# Quick update on Penzoil EURO LX for my particular car.



## MRO1791 (Sep 2, 2016)

Cruz15 said:


> I lost a lot of turbo spooling speed, the old oil allowed the turbo to spool up much, much faster.
> I will have to see how the OCI progresses, if it stays the same I will go back to the Motul 8100 X-Clean EFE product.
> So more turbo lag and less crisp fuel pedal. I didnt expect this with the oil as it is rated for better overall fuel mileage I thought the spool time would relatively stay the same. I have not checked my Map sensor will do that tomorrow. It was an abrupt change so expect no problem, oil fill level is the same.
> Cheers.


Is your car the LUZ Gen 1? This is posted in Gen 2. Can't say I've seen the difference in either my Gen 1s or Gen 2s, I've been running mostly the Penzoil in both, though I did try some Amsoil at one time, and could not detect a noticable difference in turbo spool time on that particular Gen 1, thought the Kerma TDI tune that I tried made a big difference in throuttle response and turbo spool time. I would think it's unlikely oil that is within the specified viscosity range will cause a measureable difference in turbo spool times.


----------



## Ma v e n (Oct 8, 2018)

Guess it ended up not being the best oil there is for these cars....eh?


----------



## Cruz15 (Mar 17, 2016)

Ma v e n said:


> Guess it ended up not being the best oil there is for these cars....eh?

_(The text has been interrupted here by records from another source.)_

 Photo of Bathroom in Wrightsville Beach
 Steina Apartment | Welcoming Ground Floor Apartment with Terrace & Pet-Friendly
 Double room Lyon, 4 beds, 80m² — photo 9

Your right so far. Protects better drives much worse. Just what I have seen.


----------



## Cruz15 (Mar 17, 2016)

MRO1791 said:


> Is your car the LUZ Gen 1? This is posted in Gen 2. Can't say I've seen the difference in either my Gen 1s or Gen 2s, I've been running mostly the Penzoil in both, though I did try some Amsoil at one time, and could not detect a noticable difference in turbo spool time on that particular Gen 1, thought the Kerma TDI tune that I tried made a big difference in throuttle response and turbo spool time. I would think it's unlikely oil that is within the specified viscosity range will cause a measureable difference in turbo spool times.

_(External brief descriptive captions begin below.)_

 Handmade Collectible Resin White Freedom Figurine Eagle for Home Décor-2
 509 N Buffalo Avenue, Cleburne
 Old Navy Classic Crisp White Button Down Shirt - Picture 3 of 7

I used to have a Gen 1 and I should have kept it, anyway. I now have a Gen 2. 
I am very sensitive to any changes in how my cars drive.


----------



## Cruz15 (Mar 17, 2016)

I cleaned my Map thoroughly and my Maf I will let you know over the week if there is any changes.

Does anyone have the new calibration numbers?. I think my ECU was updated, even after I said not to update.


----------